When Markets Collide, Remember Where You Came From
When responding to market trends, it turns out that there is a world of difference between being opportunistic and just plain flaky.
August 31, 2004
In the search for the networking market's sweet spot, manufacturers in recent years have wrestled with whether they are carrier-class or enterprise networking providers. Unless you have the resources to do both well, it is important to decide whether you are fish or fowl -- or risk missing important opportunities.
A recent report from Communications Industry Researchers Communications Industry Researchers showcases that difference.

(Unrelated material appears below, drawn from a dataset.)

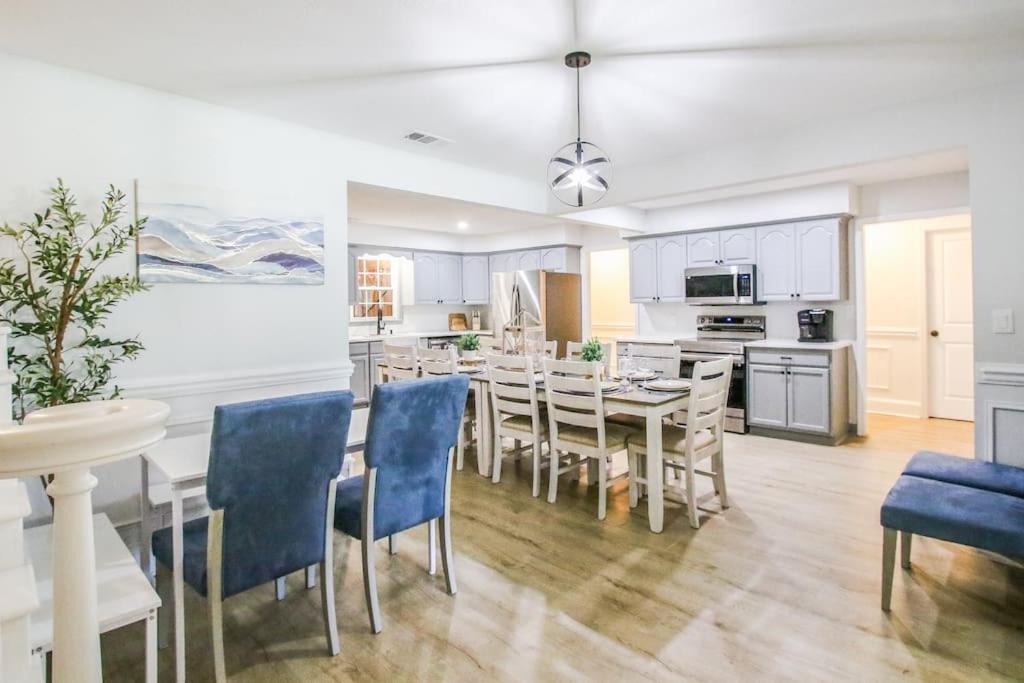 Photo of Kitchen in Pooler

For a brief period in 1999 and 2000, telcos bought more network equipment than enterprises. Reacting to this one-time event, networking companies anxiously positioned themselves as "carrier-class", thinking the road to prosperity was paved with large service provider contracts. In reality, however, CLECs accounts were mostly buying vendor financed equipment; RBOCs and major IXCs weren't buying if they didn't see a familiar logo on the hardware. And, furthermore, in chasing elusive carrier sales, many suppliers neglected to address the needs of enterprise customers, many of which possessed significant capital budgets and had demonstrated a real need for high bandwidth and optical equipment. Today, Fibre Channel, Ethernet, and WDM vendors have carved out niches unmet by Cisco, while the carrier market is still a handful of major buyers dealing with the same vendors they used before, during, and after the boom.
For today's networking vendor, the enterprise is clearly the place to be.
The press attention on carrier networking has obscured some technologies' true enterprise applications. Nowhere has this distortion been more twisted than the WDM market. WDM suppliers have invested significant R&D in addressing Telco requirements, but in fact, sales to enterprises over the past three years have exceeded sales to service providers.Back in 2001 and 2002, when carriers abruptly halted DWDM implementations in their long-haul networks, the market's attention shifted to the story about a supposed rapidly growing metro market for DWDM. However, while very few major LECs and PTTs were cutting large purchase orders for WDM products, large enterprises were embracing both Dense and Coarse WDM for "metro" applications. In fact, much of the service provider interest in WDM has been to build private MANs for large enterprise clients, and not for the inter-office core.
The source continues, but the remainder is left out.